Aí, em 1999, a Warner Bros. chega pro Will com uma coisa… diferente. Um filminho esquisito de ficção científica com kung fu e uns papos filosóficos. O Will olhou o roteiro, franziu a sobrancelha e passou longe. Muito esquisito. Muito arriscado. Em vez disso, ele foi na certeza: uma superprodução baseada numa série dos anos 60 que todo mundo amava, Wild Wild West. A Warner então ofereceu o papel de kung fu pra uma estrela bem menos famosa na época — mas um cara que já tinha lidado com cyberbizarrices em Johnny Mnemonic: Keanu Reeves.
E essa, meus caros, é a história de como o Will Smith recusou Matrix… pra fazer Wild Wild West. Uma decisão que ele até hoje diz ser o maior arrependimento da carreira. O resto, como dizem, é história. Matrix reinventou o cinema e virou um dos filmes mais influentes de todos os tempos. Wild Wild West? Bom, aquilo foi… um acidente de trem (literalmente, tem trens steampunk no meio e tudo.)
Então a questão que cabe ser feita é... será que Wild Wild West é realmente o lixão radioativo que dizem? E já adianto que a resposta curta é não. Porque é MUITO, mas MUITO pior.
O que nos leva a uma questão mais interessante ainda: como?! Quer dizer, olha só o que Wild Wild West tinha a seu favor:
- Will Smith no auge do seu rolo compressor cinematográfico;
- Kevin Kline, que já tinha um Oscar na prateleira a essa altura;
- Kenneth Branagh no modo full vilão de James Bond numa atuação caricata e claramente se divertindo muito em seu absurdo;
- Efeitos visuais maneiros (pra época, CGI ainda impressionava)
- Uma estética steampunk completa, com ciborgues, gadgets … e já falei…
- UMA ARANHA MECÂNICA GIGANTE.
- Salma Hayek em figurinos elaborados (e muitas vezes… estratégicamente reveladores)
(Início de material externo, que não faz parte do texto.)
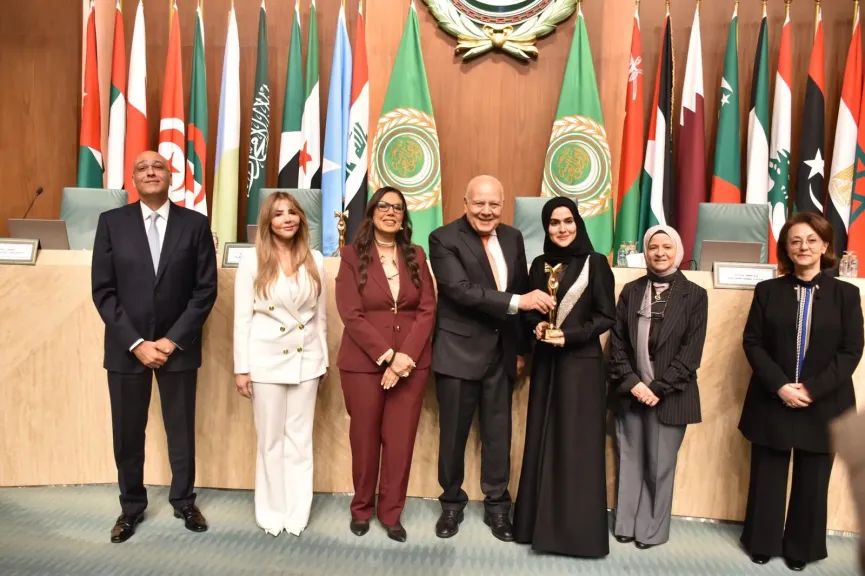 جامعةالدول العربية تنظم الملتقي الدولي للمراة العربية الدبلوماسية
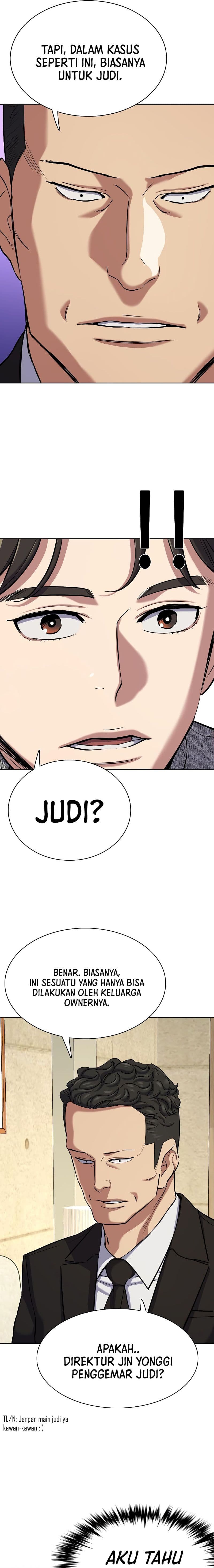The Youngest Son Of A Rich Family - Chapter 124 - Page 13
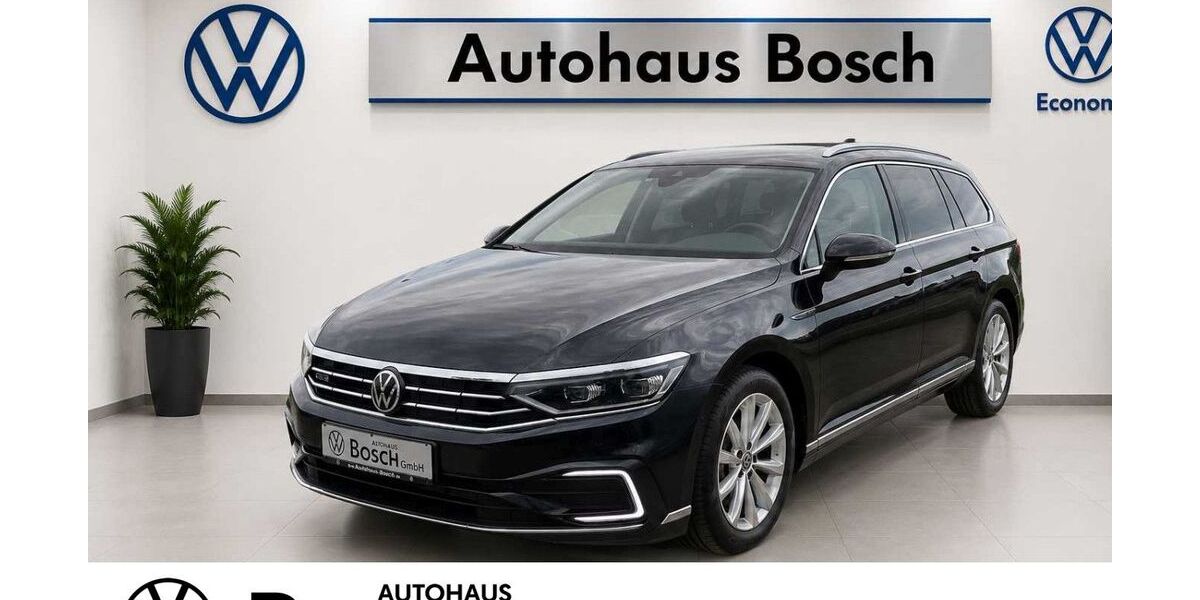 VW Passat Variant 93.100 km 21.555 &euro; Schnürpflingen-Ammerstetten 89194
- Barry Sonnenfeld na direção — recém-saído de MIB: MEN IN BLACK, claramente confortável com o genero de ação-blockbuster comédia;
No papel, tinha tudo pra ser uma superprodução gloriosa. E pra completar, nem era baseada em ideia aleatória de guardanapo. Não! Wild Wild West era originalmente uma série de TV (1965-1969), criada por Michael Garrison quando os faroestes já estavam perdendo espaço pra espiões da Guerra Fria, foi vendida como "James Bond a cavalo". Se não podia vencer… por que não juntar os dois? E deu certo! A série virou um cult. Tinha gadgets, charme, espionagem, esquisitices vitorianas — tudo num coquetel proto-steampunk décadas antes do termo existir.
Ambientada no pós-Guerra Civil, a série imaginava um EUA em reconstrução… mas com pitadas sci-fi. Os protagonistas eram agentes secretos com tecnologia futurística, enfrentando cientistas malucos e megalomaníacos teatrais. Jules Verne aprovaria.
Então, talvez o Will Smith não fosse tão maluco assim por escolher isso em vez de um filme cyberpunk esquisito cheio de filosofia e gente de kung fu voando. Wild Wild West parecia uma aposta segura. Um sucesso garantido. O blockbuster de verão infalível. Tipo… sério: como uma combinação dessas poderia FALHAR?
Bom, vamos começar pelo elefante steampunk na sala, porque é isso que azeda todo o resto: Wild Wild West devia ser uma comédia de ação leve. Sabe? Divertida, descontraída, pipoca. Com Will Smith e Barry Sonnenfeld, parecia garantido. Eles já tinham acertado antes! MIB, Independence Day, Bad Boys — a fórmula funcionava.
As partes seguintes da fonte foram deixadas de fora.